On Mon, Jan 05, 2009 at 02:19:55AM +0100, Thiemo Nagel wrote:
> I came across a null pointer dereference when mounting an intentionally
> corrupted filesystem (cf. debug.dmesg). In my opinion, the problem lies
> in ext4_fill_super(), where truncation may occur on setting the integer
> db_count, which results in too little memory being allocated for
> sbi->s_group_desc. The attached patch (against 2.6.28) fixes this by
> changing the type of db_count to unsigned long. I also took the
> opportunity to make the check against sign extension in calculation of
> db_count more strict, so that it now excludes cases in which db_count
> comes out as zero.

Usigned unsigned long is almost always wrong, because it's not a fixed
size; it's 32 bits on x86_32, but 64 bits on x86_64. In this
particular case, db_count is always going to well under 32-bits for
any legitimate filesystem. If it isn't we need to have better checks;
it sounds like the checks we need are ones that do a better job
checking s_blocks_per_group; am I right in assuming that
s_blocks_per_group was something ridiculous and that is what caused
the overflow?

- Ted

2009-01-05 20:47:58

by Thiemo Nagel

[permalink] [raw]
Subject: Re: [PATCH] ext4: fix null pointer deref on mount

Theodore Tso wrote:
> On Mon, Jan 05, 2009 at 02:19:55AM +0100, Thiemo Nagel wrote:
>> I came across a null pointer dereference when mounting an intentionally
>> corrupted filesystem (cf. debug.dmesg). In my opinion, the problem lies
>> in ext4_fill_super(), where truncation may occur on setting the integer
>> db_count, which results in too little memory being allocated for
>> sbi->s_group_desc. The attached patch (against 2.6.28) fixes this by
>> changing the type of db_count to unsigned long. I also took the
>> opportunity to make the check against sign extension in calculation of
>> db_count more strict, so that it now excludes cases in which db_count
>> comes out as zero.
>
> Usigned unsigned long is almost always wrong, because it's not a fixed
> size; it's 32 bits on x86_32, but 64 bits on x86_64. In this
> particular case, db_count is always going to well under 32-bits for
> any legitimate filesystem.

I have chosen unsigned long for the sole reason to avoid truncation in
the assignment

db_count = (sbi->s_groups_count + EXT4_DESC_PER_BLOCK(sb) - 1) /
EXT4_DESC_PER_BLOCK(sb);

where the operands on the right side are of type unsigned long and
ext4_group_t (which is typedef unsigned long), so I don't think to make
db_count an unsigned long is hurting anything.
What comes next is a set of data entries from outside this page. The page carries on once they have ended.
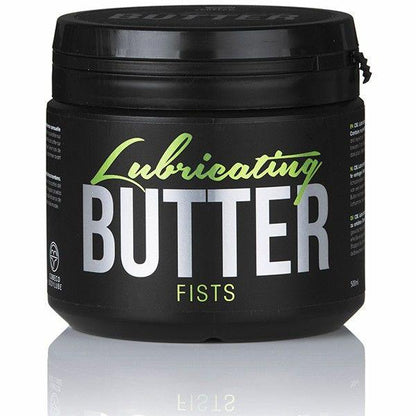 COBECO - CBL LUBRICANTE ANAL BUTTER FISTS 500 ML - Sensuana.es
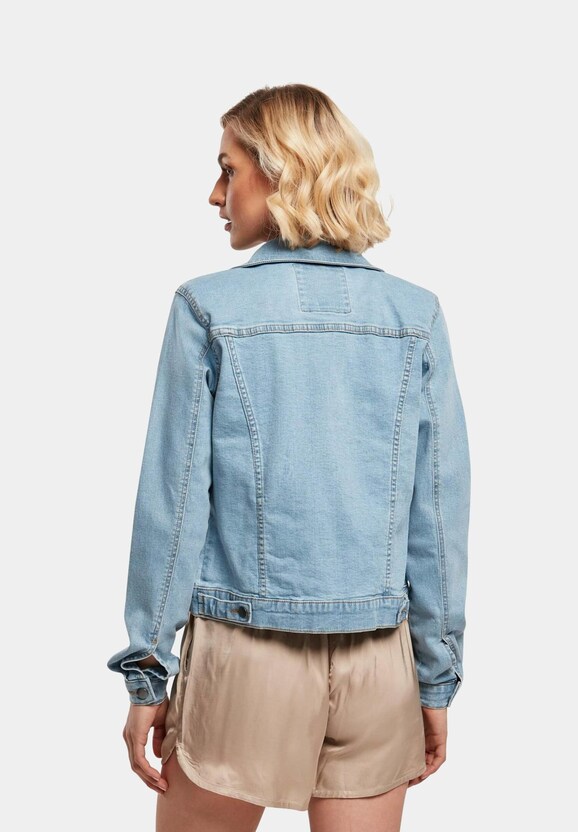 Ladies Organic Denim-0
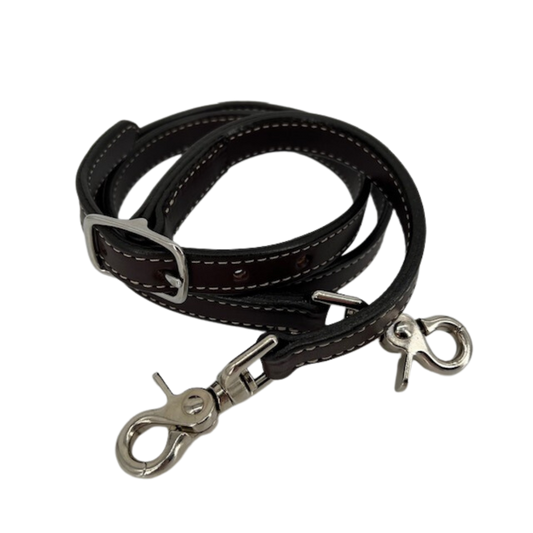 Bridle Leather Crossbody/Shoulder Bag Strap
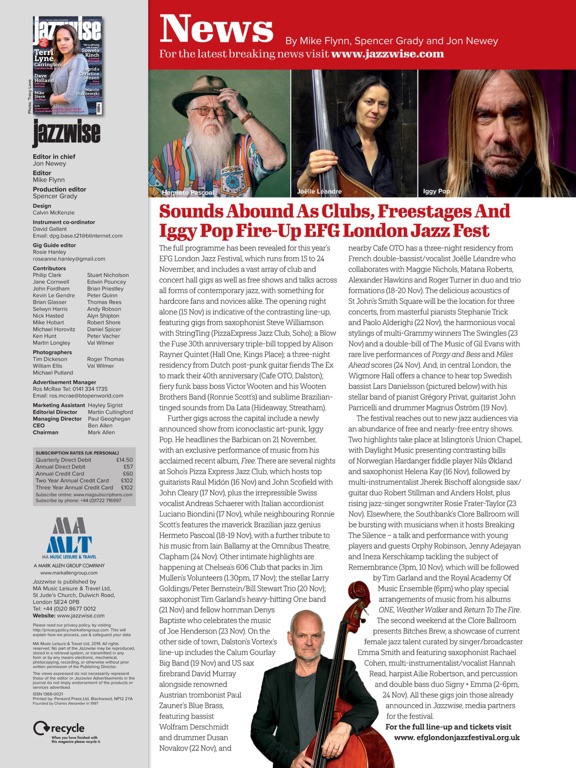 【图】Jazzwise(截图3)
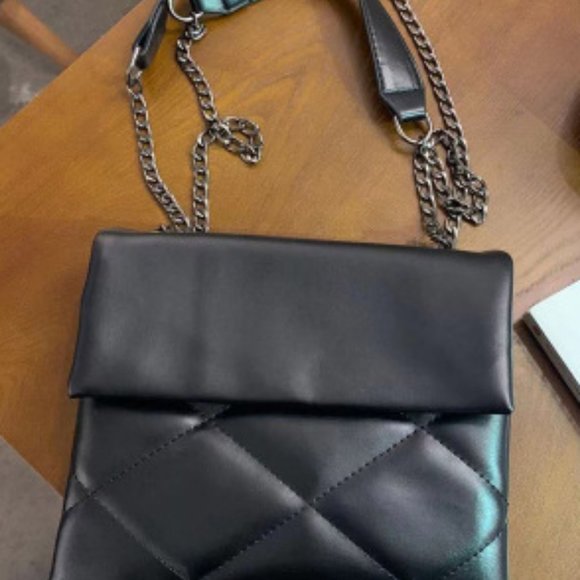 Chain Shoulder Bag Messenger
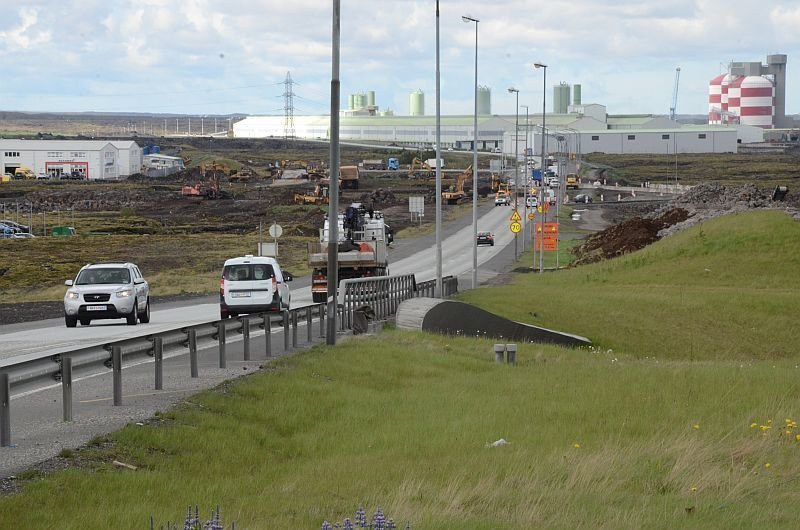 Framkvæmdum á Reykjanesbraut verði flýtt eins og kostur er
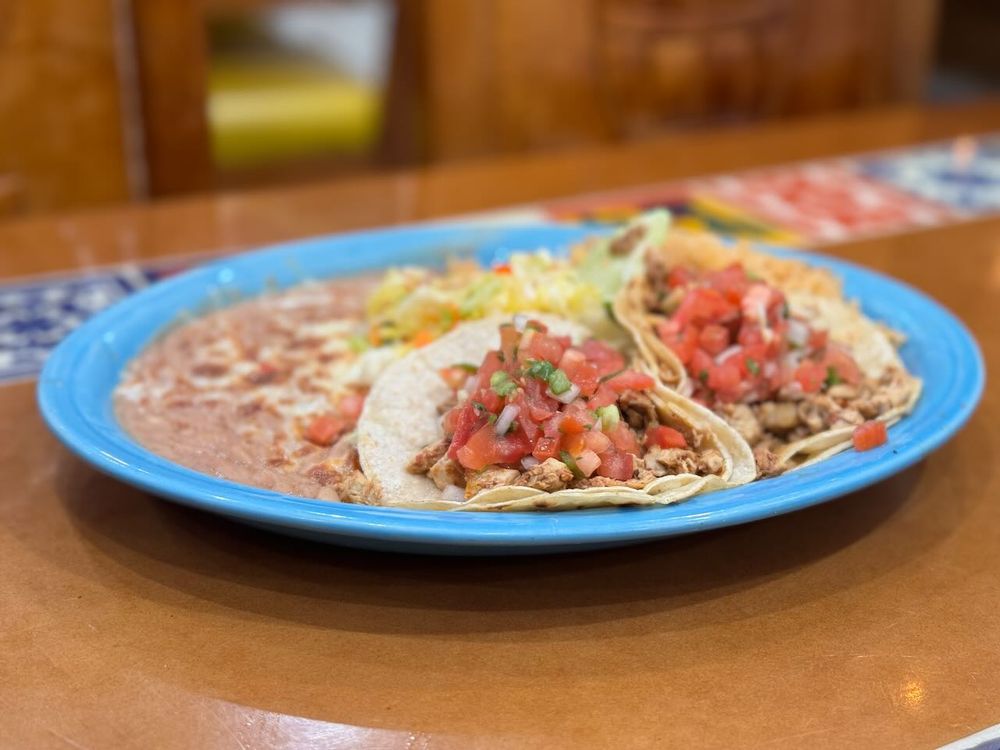 La Hacienda Mexican Grill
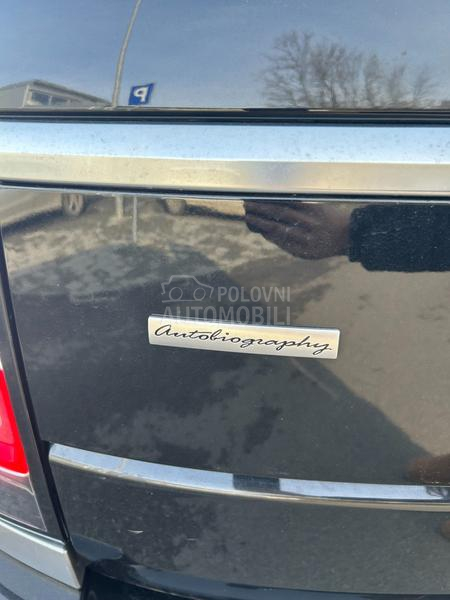 Land Rover Range Rover Autobiography L405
But maybe it's not desireable to allow filesystems which are mountable
on x86_64 but not on x86_32? Then a different solution would be to
enforce s_groups_count < (1<<31).

But there is another caveat: We also need to take care of the overflow
in the argument to kmalloc(), and that further reduces the allowed range
of s_groups_count for x86_32 (but not for x86_64):

sbi->s_group_desc = kmalloc(db_count * sizeof(struct buffer_head *),
GFP_KERNEL);

So, which approach do you think would be best?

> If it isn't we need to have better checks;
> it sounds like the checks we need are ones that do a better job
> checking s_blocks_per_group; am I right in assuming that
> s_blocks_per_group was something ridiculous and that is what caused
> the overflow?

No, it was a very large block count (but the small blocks per group
helped, too):

block count 562949953423360, first data block 8257, blocks per group 512

BTW: In case anybody likes to have a look at the corrupt filesystem:
It's available at
http://www.e18.physik.tu-muenchen.de/~tnagel/misc/ext4.null_deref.image.bz2
The size of the download is 88k.

Kind regards,
Thiemo

2009-01-05 21:39:40

by Theodore Ts'o

[permalink] [raw]
Subject: Re: [PATCH] ext4: fix null pointer deref on mount

On Mon, Jan 05, 2009 at 09:50:13PM +0100, Thiemo Nagel wrote:
>
> I have chosen unsigned long for the sole reason to avoid truncation in
> the assignment
>
> db_count = (sbi->s_groups_count + EXT4_DESC_PER_BLOCK(sb) - 1) /
> EXT4_DESC_PER_BLOCK(sb);
>
> where the operands on the right side are of type unsigned long and
> ext4_group_t (which is typedef unsigned long), so I don't think to make
> db_count an unsigned long is hurting anything.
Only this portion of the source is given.